Welcher Radverkehrsplaner will unter diesen Umständen bei einer Stadt wie Bochum arbeiten? Wer als Radverkehrsplaner etwas auf sich hält, geht in Städte, wo Verwaltung und Politik ernsthaft den Ausbau des Radwegenetzes vorantreiben, nicht nach Bochum, wo sich die Verkehrsplaner stattdessen an unausgegoreneen Planungen wie der Dahlhausener Schwimmbrücke oder der Hans- Böckler-Straße abarbeiten müssen (Keine weiteren Provisorien und unausgegorenen Verkehrsversuche mehr) oder über Monate und Jahre an Planungen für den Radschnellweg beschäftigt sind, die später eingestampft werden müssen, weil man vor den Planungen neben den Bahngleisen nicht den Eigentümer, die DB-Netz AG, mit ins Boot geholt hat,
Nur 12,3 km Ausbau des Radwegenetzes pro Jahr sind mehr als dürftig
Dass Verwaltung und Politik nicht ernsthaft am Ausbau eines flächendeckenden Netzes sicherer Radwege interessiert sind, zeigt sich leider auch an anderer Stelle. Bis 2022 plant die Stadt das Netz um spärliche 37 km auszubauen (WAZ vom 27.02.20). Das sind 12,3 km pro Jahr. Geht man von Kosten von 400.000 Euro pro Kilometer (133.000 Euro/km, Kosten Radwege, Aufbruch Fahrrad) aus, dann werden in Bochum pro Jahr lächerliche 1.64 Mio. Euro in den Radwegebau investiert. Das sind gerade mal 4,4 Euro pro Einwohner.
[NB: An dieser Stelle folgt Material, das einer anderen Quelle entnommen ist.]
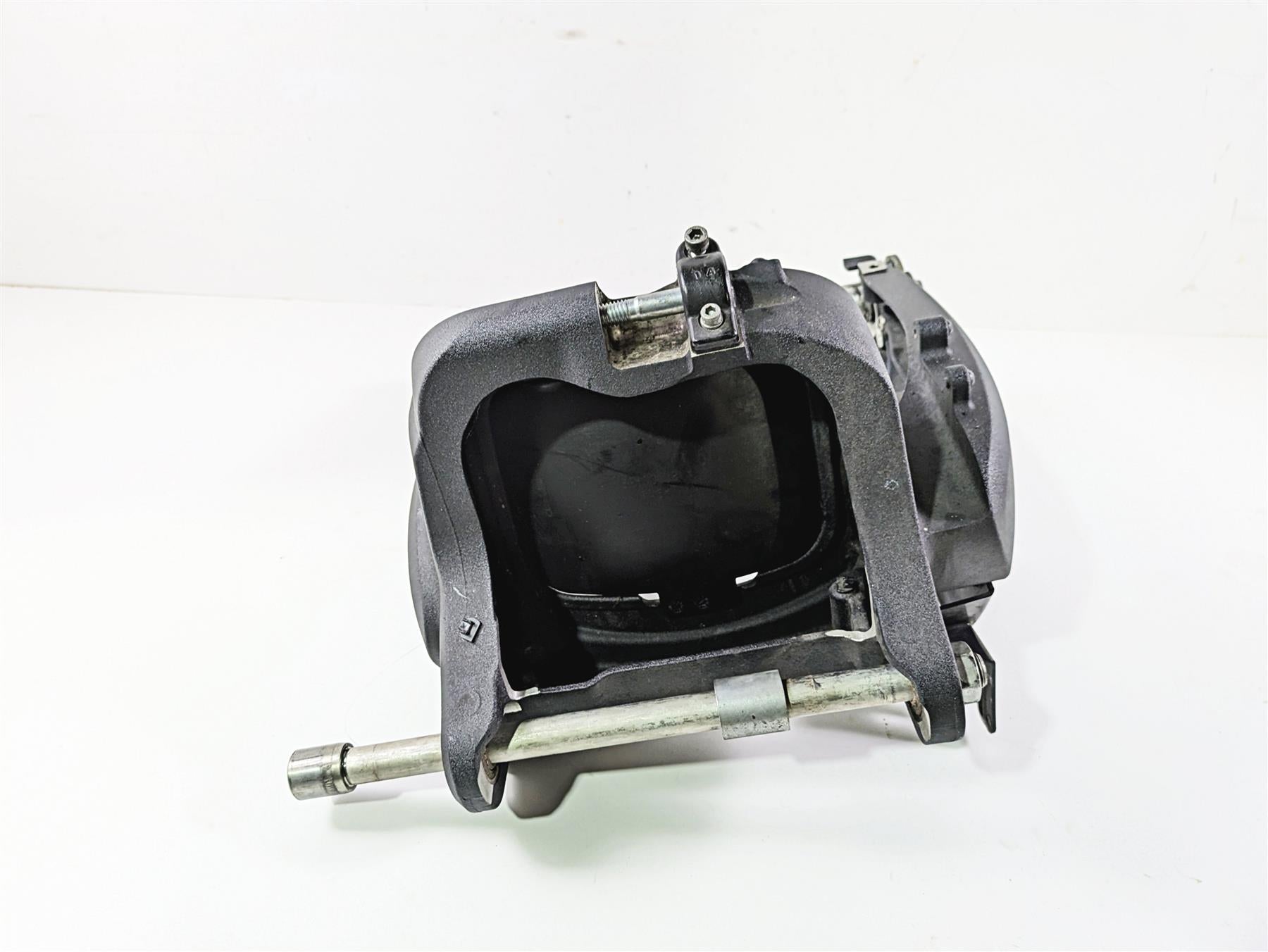 2019 Harley Softail FXDR 114 Rear Swing Arm Swingarm & Axle Set 47400114 {{ shop.shopifyCountryName }} - Mototech271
Zum Vergleich, Paris, das nur über etwas mehr als 72% der Fläche von Bochum verfügt, baut in 6 Jahren, von 2015 bis 2020, 700 km neue Radwege und setzt dafür 63 Mio. Euro ein (Paris will Fahrradwelthauptstadt werden). Pro Jahr entstehen also fast 117 km Radwege und nicht nur 12,3 wie in Bochum. Das kostet die Stadt Paris 10,5 Mio. Euro pro Jahr. Das wären bezogen auf Bochum 28 Euro pro Einwohner im Jahr. Das ist vergleichsweise wenig, die Stadt Kopenhagen investiert für den Radverkehr 35,60 Euro pro Kopf und Jahr, in Oslo sind es 70 Euro in Utrecht sogar 132 Euro (Wieviel investieren deutsche Städte in sichere Radwege).
SPD und Grüne sind nicht ernsthaft am Ausbau des Radwegenetzes interessiert
Was zeigt der Skandal um das Radwegekonzept? SPD und Grüne erzählen viel, was sie zum Radwegeausbau machen wollen. Ernsthaft vorantreiben tun sie den Ausbau der Radwege jedoch nicht. Da das immer wieder passiert, ist davon auszugehen, dass Rot-Grün sich hinsichtlich der Weigerung der Verwaltung, die Ratsbeschlüsse der eigenen Koalition umzusetzen, von Anfang an im Klaren war und beide Fraktionen dieses Verhallten sowohl toleriert wie gebilligt haben.
Ohne aktualisiertes Radverkehrskonzept ist ein gezielter Ausbau des Radwegenetzes unmöglich. Dass der Politik bereits das Interesse und der Wille fehlt, die notwendigen Voraussetzungen zu schaffen, um das Netz auszubauen, belegt, dass die Erklärungen der Politiker von SPD und Grünen nichts mehr als heiße Luft sind. „Verkehrswende“ und „Klimanotstand“ sind nur hohle Phrasen. Der unambitionierte Plan das Radwegenetz um mehr als dürftige 12,3 km pro Jahr auszubauen, bestätigt das.
Auch bei der von Rot-Grün favorisierten Streckenführung des Radschnellweges (RS1), im weiten Bogen südlich um die Innenstadt herum, sowie am traurigen Zustand der Radstation am Hauptbahnhof, zeigt sich das Desinteresse beider Parteien, wirklich etwas für den Radverkehr zu tun.